Os ambientalistas modernos esqueceram, mas foi a defesa de valores e a construção de uma visão ampla, inspiradora de um mundo melhor, que levou o movimento, na década de 70, aos seus maiores sucessos, como as leis nacionais de proteção de espécies ameaçadas e do ar e água limpos.

“Existe uma batalha cultural sendo travada”, dizem os autores. São os valores e as crenças básicas que norteiam o comportamento e as escolhas dos eleitores. Os ambientalistas estão levando uma sova da direita americana, que conseguiu transformar temas como a importância da família tradicional, dos impostos baixos, do estado pequeno e exército potente como núcleo de idéias. Essa visão chegou a ser oferecida aos eleitores com o nome de “Contrato com a América”, quando os republicanos ganharam a maioria na Câmara dos Deputados, durante o primeiro governo Clinton. Foi vencendo a guerra dos valores, que os republicanos passaram a ganhar as batalhas legislativas do dia-a-dia.

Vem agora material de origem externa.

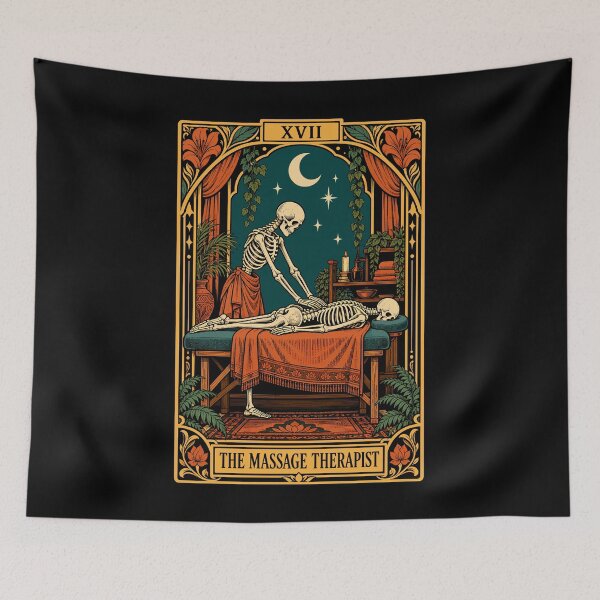 Item preview, The Massage Therapist Tarot Card Skeleton Gothic designed and sold by roni-harbor.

Os ambientalistas também precisam aprender a partir para o ataque e propor uma agenda positiva de mudanças. Anunciar que as conseqüências futuras do efeito estufa significam o fim do mundo aliena o público. É preciso ressaltar o lado bom e grandioso dessa briga. As mudanças necessárias no sentido de uma economia baseada em energia limpa gerarão grandes desafios. “A primeira onda do ambientalismo teve ênfase na conservação e a segunda na regulação. Acreditamos que os novos investimentos serão o grande destaque da terceira”, dizem Shellenberger e Nordhaus. Investimentos geram emprego e reduzem o impacto negativo dos custos associados à contenção do efeito estufa. Os subsídios obtidos hoje pelos grandes poluidores devem ser cortados e canalizados para as novas tecnologias.

O artigo da The Economist descreve o avanço nas técnicas de valorização ambiental e nos mecanismos de mercado para reduzir a poluição a custos mais baixos. Tudo isso é ótimo. Os economistas têm muitos insights sobre quais são as melhores instituições e mecanismos para atingir com eficiência as metas de emissão de carbono adequadas. Todavia, não têm nada a dizer sobre valores e ideais. Michael Shellenberger e Ted Nordhaus estão certos. Se os ambientalistas falharem em conquistar o coração do público, de nada servirá a inteligência dos técnicos, porque, antes de mais nada, eles perderão na arena política.